Cooks Food Group agrees to buy global rights to Esquires Coffee Houses
The aim is to become a global retail and supply chain business aligned with Esquires.
The aim is to become a global retail and supply chain business aligned with Esquires.
Cooks Food Group, a shell company whose shares have not traded the past four months, agreed to buy the franchise rights for Esquires Coffee Houses in many parts of the world.
Cooks, which aims to become a global retail and supply chain business aligned with Esquires, agreed to pay Esquires founders Stuart and Lewis Deeks $300,000 in cash and an undisclosed number of shares for the franchisee rights for the coffee houses worldwide, excluding New Zealand, Australia and Canada, the Auckland-based company says in a statement.

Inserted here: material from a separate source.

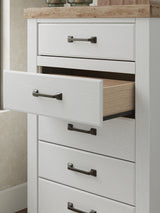 Savonport White/Brown Five Drawer Chest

Cooks gained a back-door listing to the New Zealand stock exchange small cap market NZAX in 2008 in an attempt to build a major New Zealand-owned listed food business.
The following year, it abandoned a plan to buy the Diamond pasta and DYC vinegar labels from Goodman Fielder, instead selling its assets to Australian company Hutchinsons for $4 million and allowing Hutchinsons to settle the proposed acquisition.
Cooks is also in talks to buy a New Zealand-based food processing business and some overseas retail businesses, the company says. It plans to change its name to Cooks Global Foods should the transactions be approved.
The company wants to sell more than $4 million in shares to fund its acquisitions and provide working capital for the new group. New debt facilities have been conditionally agreed with its bankers, the company said.
Shares in Cooks last traded for 10 cents on January 31, valuing the company at about $2.8 million.
The agreement with the Esquires' founders provides for a further issue of shares should the group outperform, which would take their holding in Cooks to more than 50 percent.